▸ **How to complete this task**
What you write must match, character for character, the lines from the one with "シャネル カメリア ココマーク" down to the one with "KS license plate 284ITN" in the listing below, minus its pictures.

▸ **Supplied material**
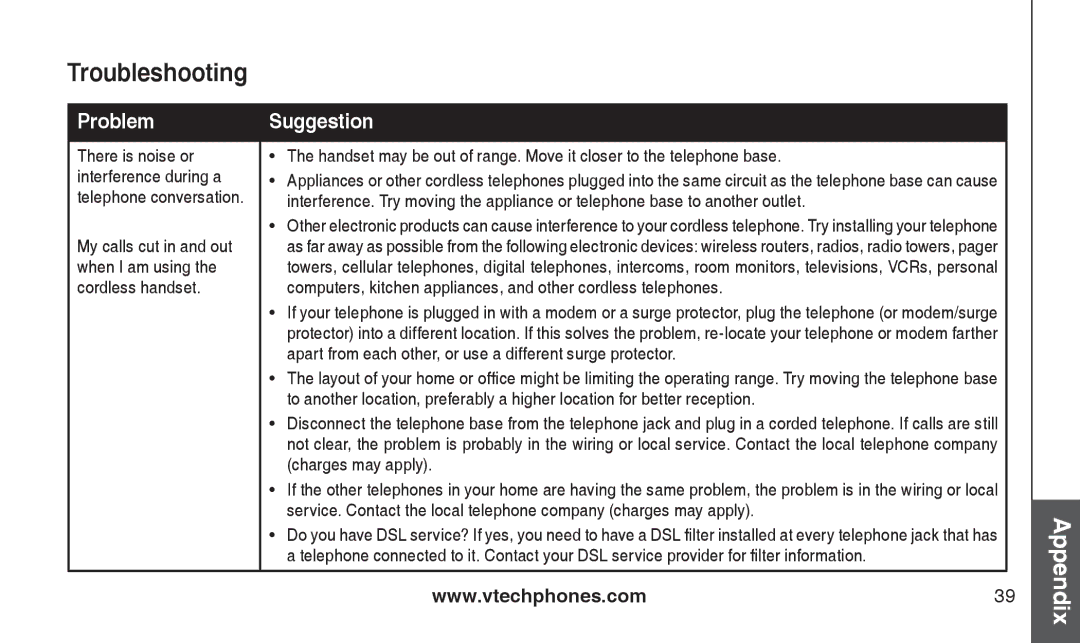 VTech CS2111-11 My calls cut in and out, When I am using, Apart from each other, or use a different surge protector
* * *
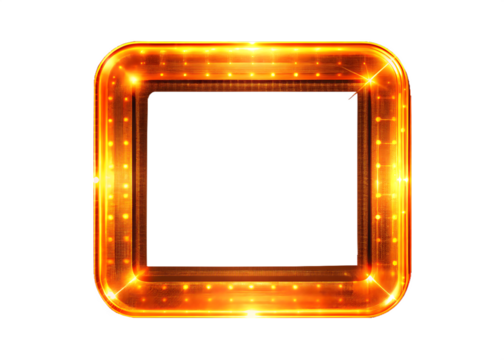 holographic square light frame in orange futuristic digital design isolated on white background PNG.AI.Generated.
---
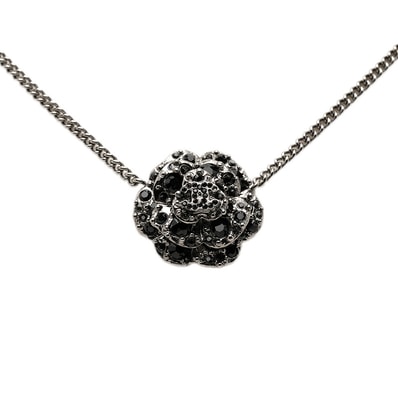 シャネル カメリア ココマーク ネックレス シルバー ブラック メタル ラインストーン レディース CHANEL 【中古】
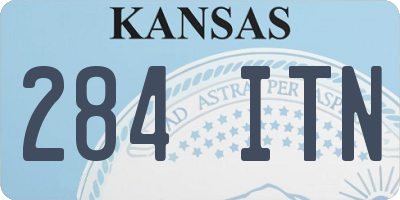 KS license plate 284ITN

▸ **Answer space**
 シャネル カメリア ココマーク ネックレス シルバー ブラック メタル ラインストーン レディース CHANEL 【中古】
 KS license plate 284ITN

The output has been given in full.